- [WORK ORDER] Quote only the span from the first line of the entries to the line containing "Whitney Houston Hip-hop", both ends kept. Leave every picture out.

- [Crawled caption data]

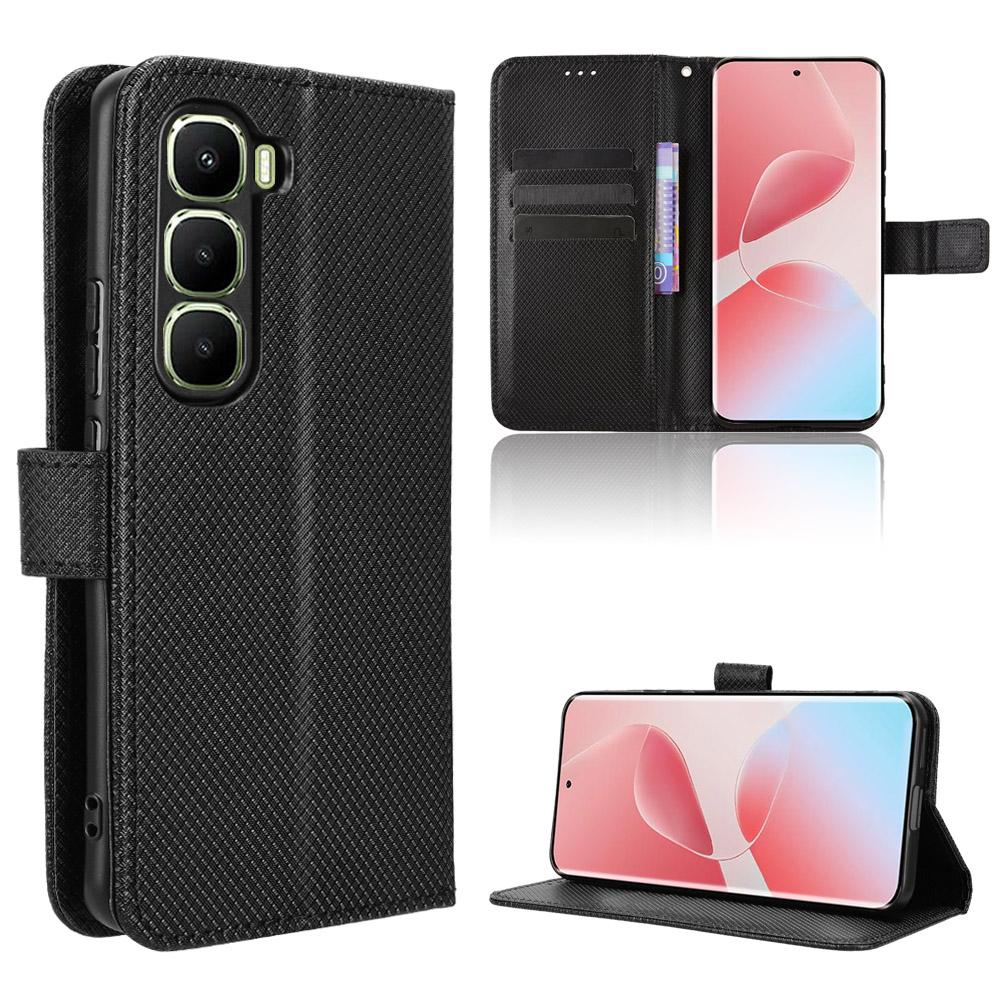Flip Cases für Infinix Hot 60 Pro+ Plus PU-Leder Ganzkörperschutz Stoßfest Langlebig Retro Handyhülle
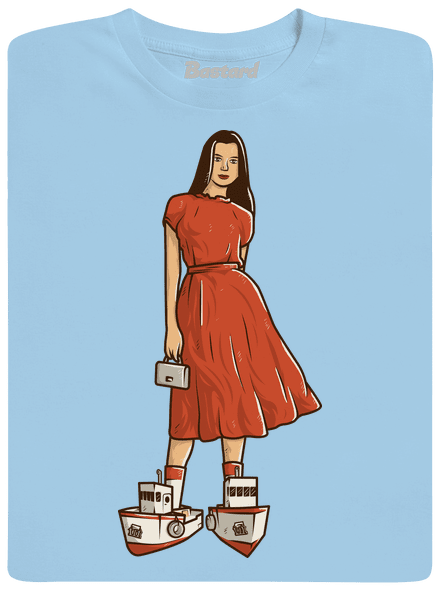 Lodičky pánské tričko Sky Blue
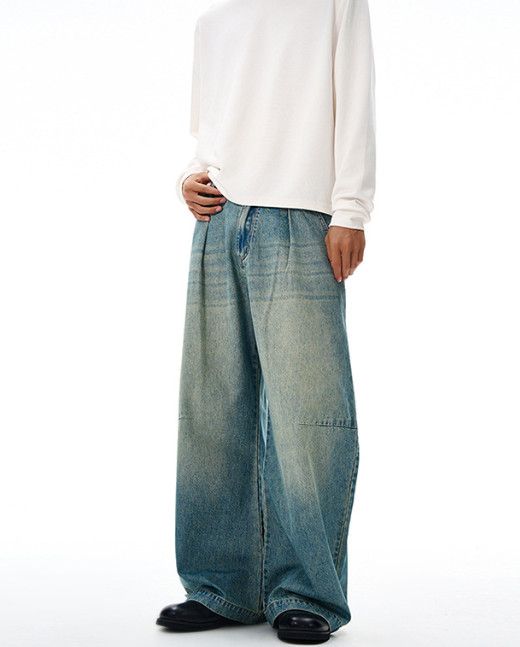Vintage American-style high-street men's baggy curved-leg jeans Size US 32 / EU 48 - 4 Thumbnail
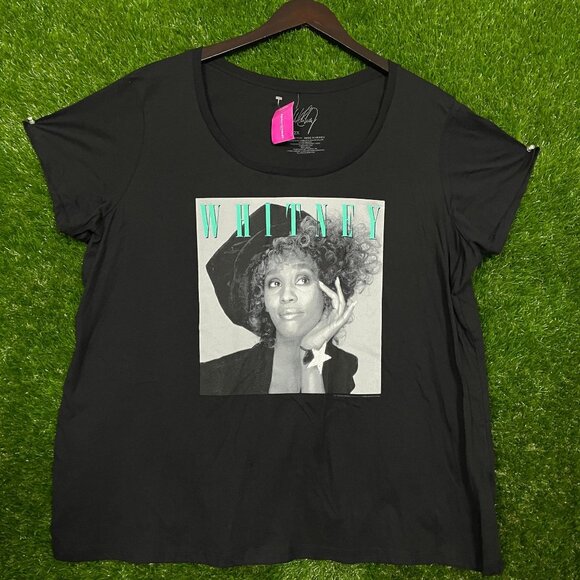Whitney Houston Hip-hop T-shirt size 2XL - Picture 1 of 6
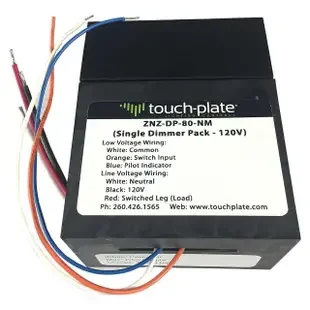 Touch-Plate Low Voltage Light Dimmer Relay Power Pack – Nipple Mount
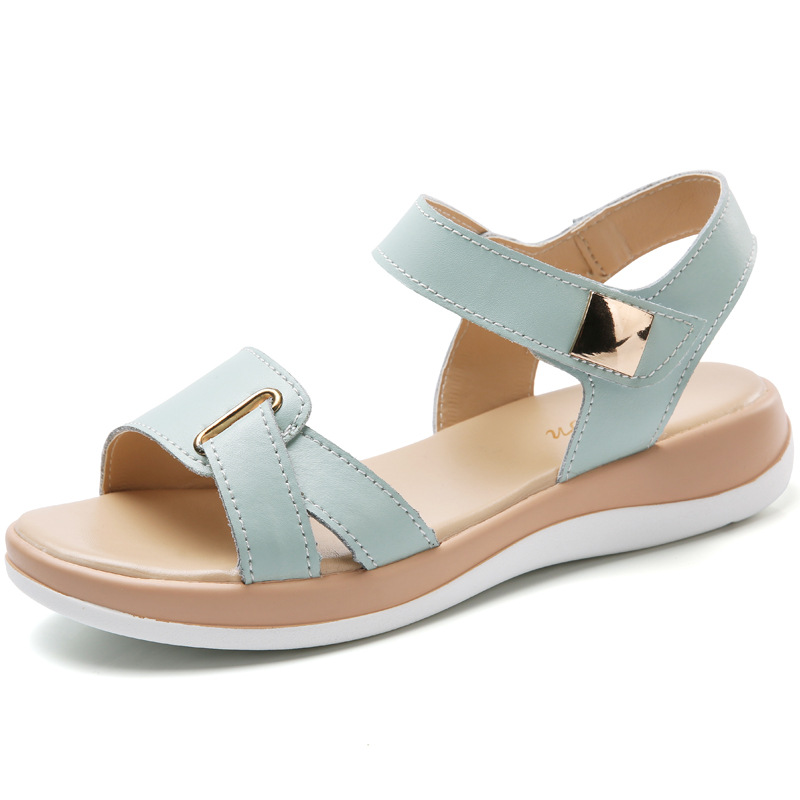 2018 New Summer Women's Sandals Female Leather Sandals Open toe Fish Mouth Casual Flat Shoes Slippers Footwear Sandals Fast Delivery, Sky blue
2018 New Summer Women's Sandals Female Leather Sandals Open toe Fish Mouth Casual Flat Shoes Slippers Footwear Sandals Fast Delivery, Sky blue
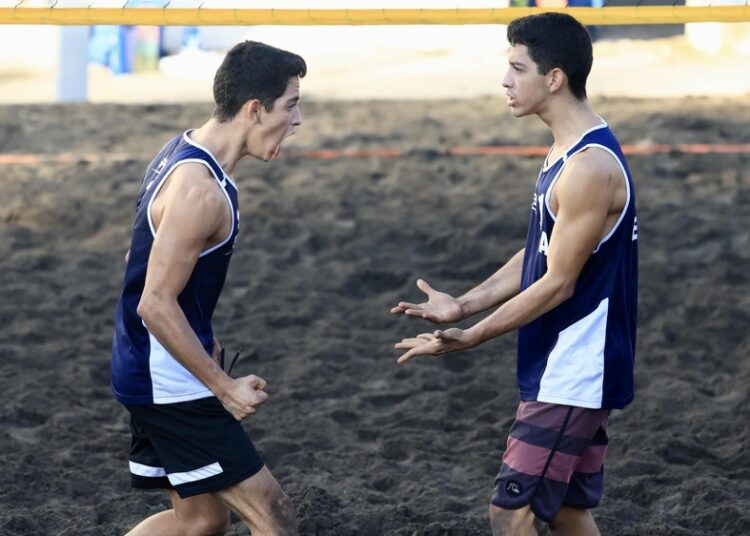 Hermanos Guardado ganan cupo para competir en el Tour Norceca de voleibol playa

- [ANSWER SPACE]
Flip Cases für Infinix Hot 60 Pro+ Plus PU-Leder Ganzkörperschutz Stoßfest Langlebig Retro Handyhülle
 Lodičky pánské tričko Sky Blue
Vintage American-style high-street men's baggy curved-leg jeans Size US 32 / EU 48 - 4 Thumbnail
Whitney Houston Hip-hop T-shirt size 2XL - Picture 1 of 6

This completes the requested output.